The forward-thinking foundation is securing our open-source future.

Moving forward, students have the option to take their skills to the next level through open-source certifications, which verify an individual has the knowledge necessary to perform real-world tasks. Clyde said hiring managers are increasingly prioritizing certifications when sourcing potential candidates. Professionals who are certified with the Linux Foundation can prove their skills to prospective employees.

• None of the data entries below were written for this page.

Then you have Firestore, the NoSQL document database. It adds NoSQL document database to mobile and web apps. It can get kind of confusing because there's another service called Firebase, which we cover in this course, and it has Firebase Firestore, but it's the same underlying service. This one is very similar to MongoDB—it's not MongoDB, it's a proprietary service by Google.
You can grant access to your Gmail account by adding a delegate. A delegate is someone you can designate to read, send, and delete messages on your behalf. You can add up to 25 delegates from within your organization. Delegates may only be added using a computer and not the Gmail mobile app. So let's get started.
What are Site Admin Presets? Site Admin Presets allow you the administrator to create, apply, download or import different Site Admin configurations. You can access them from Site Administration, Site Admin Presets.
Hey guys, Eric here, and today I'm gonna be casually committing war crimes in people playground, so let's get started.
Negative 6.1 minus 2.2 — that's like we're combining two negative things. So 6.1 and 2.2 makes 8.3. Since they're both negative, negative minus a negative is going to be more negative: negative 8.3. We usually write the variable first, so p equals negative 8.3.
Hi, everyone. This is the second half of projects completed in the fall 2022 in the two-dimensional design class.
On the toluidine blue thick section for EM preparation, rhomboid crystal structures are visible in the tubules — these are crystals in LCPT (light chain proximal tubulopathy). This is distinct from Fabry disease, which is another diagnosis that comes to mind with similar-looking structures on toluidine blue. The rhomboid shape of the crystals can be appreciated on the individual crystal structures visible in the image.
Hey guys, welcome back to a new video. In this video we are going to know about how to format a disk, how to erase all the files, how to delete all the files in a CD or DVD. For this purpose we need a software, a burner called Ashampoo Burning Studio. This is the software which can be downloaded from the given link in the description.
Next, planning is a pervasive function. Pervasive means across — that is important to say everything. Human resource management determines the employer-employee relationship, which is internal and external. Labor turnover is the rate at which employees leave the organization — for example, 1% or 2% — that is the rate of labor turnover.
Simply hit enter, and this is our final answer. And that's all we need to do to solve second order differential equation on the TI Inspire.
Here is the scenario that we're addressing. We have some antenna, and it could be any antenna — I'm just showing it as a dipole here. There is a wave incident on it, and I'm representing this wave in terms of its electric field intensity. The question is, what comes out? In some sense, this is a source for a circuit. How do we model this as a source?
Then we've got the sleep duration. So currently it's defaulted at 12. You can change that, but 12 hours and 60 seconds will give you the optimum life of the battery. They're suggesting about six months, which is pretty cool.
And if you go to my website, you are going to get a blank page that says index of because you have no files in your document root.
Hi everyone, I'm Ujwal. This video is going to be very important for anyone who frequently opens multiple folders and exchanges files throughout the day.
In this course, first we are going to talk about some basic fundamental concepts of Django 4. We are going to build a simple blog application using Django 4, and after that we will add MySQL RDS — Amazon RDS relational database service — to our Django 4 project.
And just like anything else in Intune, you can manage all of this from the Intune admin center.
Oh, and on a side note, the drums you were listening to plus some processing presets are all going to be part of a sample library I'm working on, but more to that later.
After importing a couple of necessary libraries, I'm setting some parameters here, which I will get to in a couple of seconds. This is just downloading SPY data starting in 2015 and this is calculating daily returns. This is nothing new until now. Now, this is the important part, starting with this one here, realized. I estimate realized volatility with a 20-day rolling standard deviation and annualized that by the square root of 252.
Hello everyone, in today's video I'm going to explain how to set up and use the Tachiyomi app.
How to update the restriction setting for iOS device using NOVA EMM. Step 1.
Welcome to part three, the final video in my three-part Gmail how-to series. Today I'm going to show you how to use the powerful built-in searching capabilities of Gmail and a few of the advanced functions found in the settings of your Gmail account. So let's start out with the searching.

“Our certification exams are based on live system examples — they’re not multiple choice,” Clyde said. “If you can pass one of these exams, that shows competence. And if you’re an employer on a hot new project trying to hire, say, a Kubernetes professional, certification on a performance-based exam proves a candidate is not blowing smoke.”

Code in the Boardroom: Uniting Developers and C-Suite Executives

In addition to technical audiences, the Linux Foundation provides valuable training and educational services to the general business population. Angela said more than 1,200 CEOs attended the group’s events this year. The group also has a portfolio of free massive open online courses (MOOCs) geared toward business leaders on the online learning platform edX.

“The idea behind those is to provide general introductions, whether you’re a business person trying to get your head around blockchain and distributed ledger technologies or you’re trying to understand more about 5G technology,” Clyde said. “We have a really big catalog, and we’re constantly adding to it.”

The MOOCs, available at no charge, help learners gain a general awareness of higher-level concepts, and there’s no hidden agenda or sales pressure. The foundation’s ultimate goal, Clyde said, is to bring people together, whether through training or events. “It’s not just about coding, it’s about building communities, building expertise,” he said. “It’s code plus people.”

Angela agreed. “Open-source is about development, but you need the community to function properly to make it work,” she said. “If you don’t have the community piece there, it doesn’t.”

From the developer’s perspective, face-to-face collaboration opens doors to innovation. The open-source community is famously widespread and open to participation from parties worldwide. But Angela said there’s no substitute for in-person interaction.

“The sort of work that can happen in real time is amazing: producing code together, problem-solving, building relationships so you trust that person on the other side of the world that you have never met before,” she said. “And that’s in addition to building skills and learning about new technology.”

Up Next: A Focus on the 5G Revolution and Emerging Tech Regions

Looking toward the future, Clyde said many professionals underestimate the impact of the coming 5G revolution. The fifth generation of mobile broadband will bring better connectivity, lower latency, and greater energy savings than ever before.

“It’s just starting to become real for folks,” he said. “You have to consider how to get on board and make yourself technically competent as well as how to make the technology part of your business strategy. I think that’s going to be the ‘Aha!’ moment for most people next year.”

The Linux Foundation aims to prepare users for the change going into the coming year while focusing on outreach to developers in emerging tech regions. For example, the group plans to build up educational offerings in China, where Angela said there is an enormous amount of potential. “We’re trying to make sure that we can help the Chinese development community integrate with the global community,” she said.

In 2019, Linux Foundation will combine KubeCon China, CloudNativeCon China, and the Open Source Summit China into one event. The move will allow for substantially lower registration fees, making the event more accessible. “This will allow us to simultaneously translate all sessions, which is really important because language is a huge barrier,” Angela said. “We did this successfully about a decade ago in Japan and are looking to mirror it in China.”

Linux Foundation will also launch small, one-day events in South America, Asia, and India, including a Kubernetes Day event in Bangalore. “We know that there is a desire for the education and collaboration there and also the capability for us to help local folks,” Angela said.